Distraction is a double edged sword.
Usually when I write about it, I’m lamenting my own inability to focus on a given subject or project. In fact, most of the time I’m distracted against my will (at the mercy of my fascination with reality and it’s ever-changing nature) and frustrated because I want to get something done.
Often I find that the distractions in my life are other people. On almost a daily basis (okay, that’s a stretch) I’m trying to write an article or a blog post or a story and my children or my husband start talking to me. They address me as if I can magically hear and respond to them while maintaining my train of thought and putting it into words. It can be devastating to a piece of writing, or become a minor interruption that I will forget as soon as they’ve moved on.
But there’s finally a flip side to distraction that I’ve been discovering lately.

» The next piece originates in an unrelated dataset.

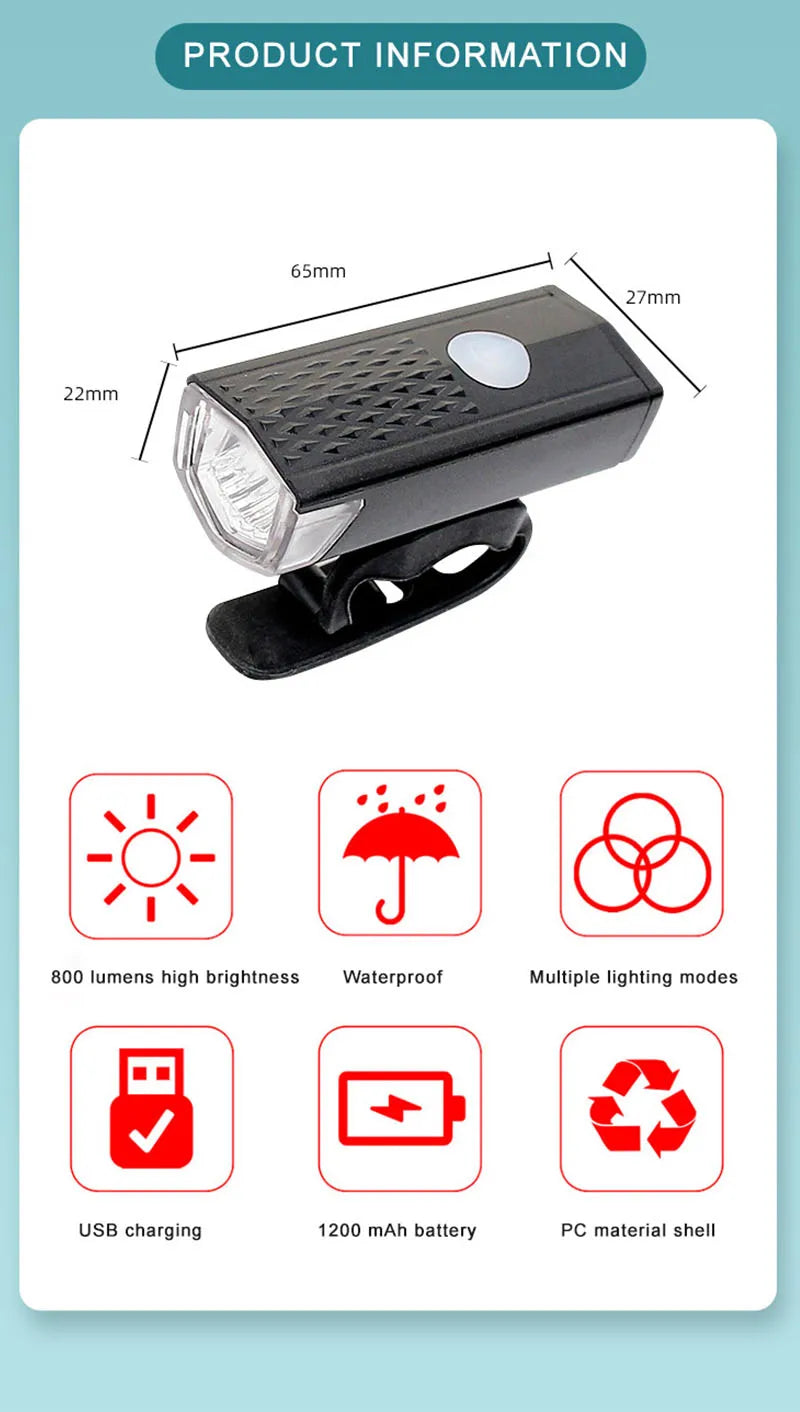 Juego de luces delanteras para bicicleta con luz trasera, recargable por USB, fácil de instalar, 3 modos, accesorios para bicicleta de carretera MTB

When you’re starting to feel like a failure, and you want to hang up your dreams and stop trying, distraction can come in many forms. All of them can end up saving you from the place you were starting to go.
My school situation was looking dire (three steps forward and two steps back = I’m still going to graduate school!) and I wasn’t writing much. I did post a few blogs during my downward spiral, but ultimately I was having trouble realizing my own ability.
Then I got a few nibbles of interest. Don’t get me wrong -I’m not signing a book deal or penning a regular column in a publication any time soon. Most of the writing I’ve been doing lately hasn’t even been paid. Still, a few articles and a review or sorts were just what I needed to start feeling like a writer again.
I’m still trucking along. Hopefully the writing will still come, and eventually the jobs will come with it. Either way -working at something I love has become a distraction I’m happy for. For once.